The expected answer is the full listing, repeated exactly and free of images.

DATA SECTION ▸
--

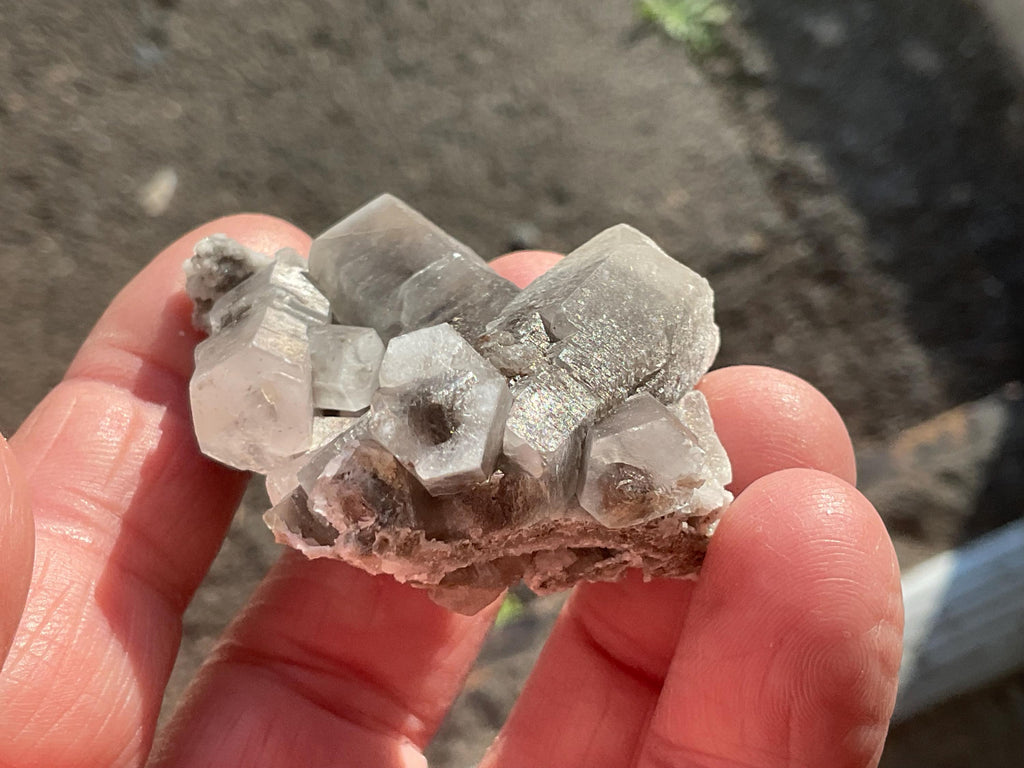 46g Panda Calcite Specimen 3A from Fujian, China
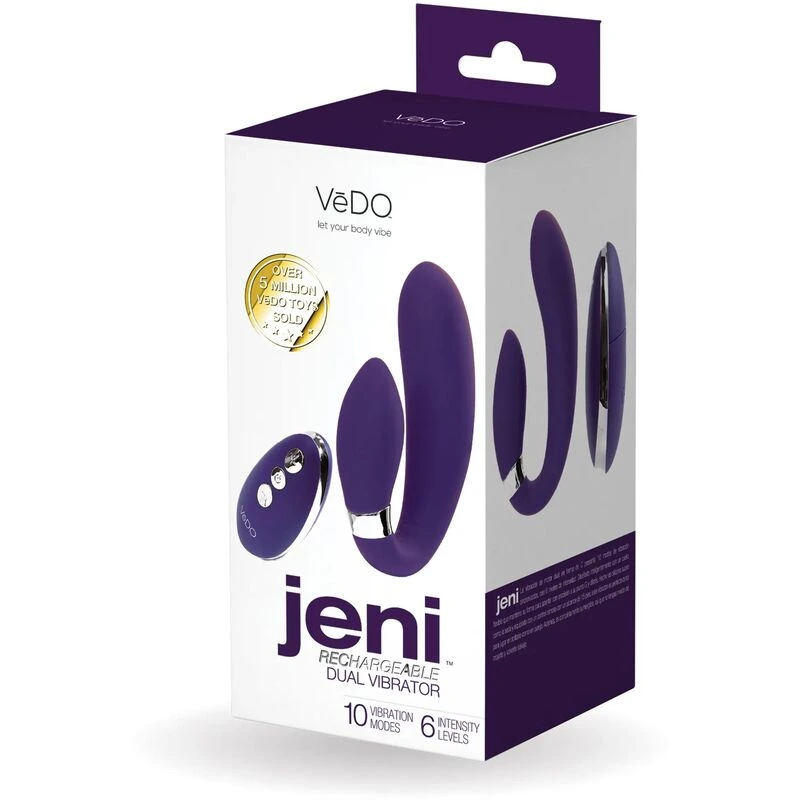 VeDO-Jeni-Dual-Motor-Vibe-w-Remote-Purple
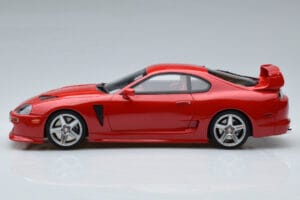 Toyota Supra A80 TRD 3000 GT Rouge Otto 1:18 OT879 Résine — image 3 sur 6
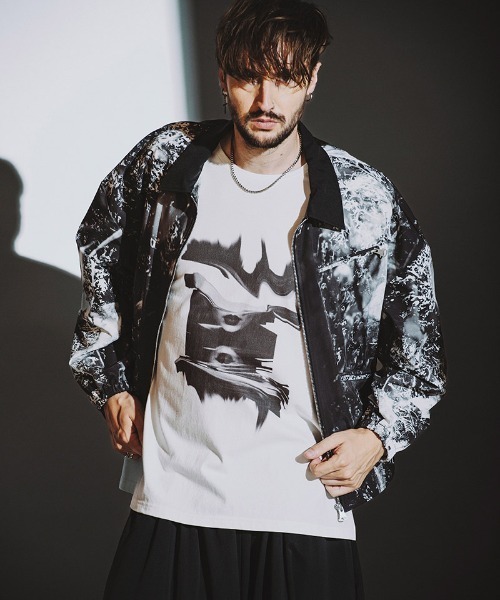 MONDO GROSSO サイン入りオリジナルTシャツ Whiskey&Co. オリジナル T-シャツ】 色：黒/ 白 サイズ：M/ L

--

RESPONSE TO THE EXERCISE ▸
 46g Panda Calcite Specimen 3A from Fujian, China
 VeDO-Jeni-Dual-Motor-Vibe-w-Remote-Purple
 Toyota Supra A80 TRD 3000 GT Rouge Otto 1:18 OT879 Résine — image 3 sur 6
 MONDO GROSSO サイン入りオリジナルTシャツ Whiskey&Co. オリジナル T-シャツ】 色：黒/ 白 サイズ：M/ L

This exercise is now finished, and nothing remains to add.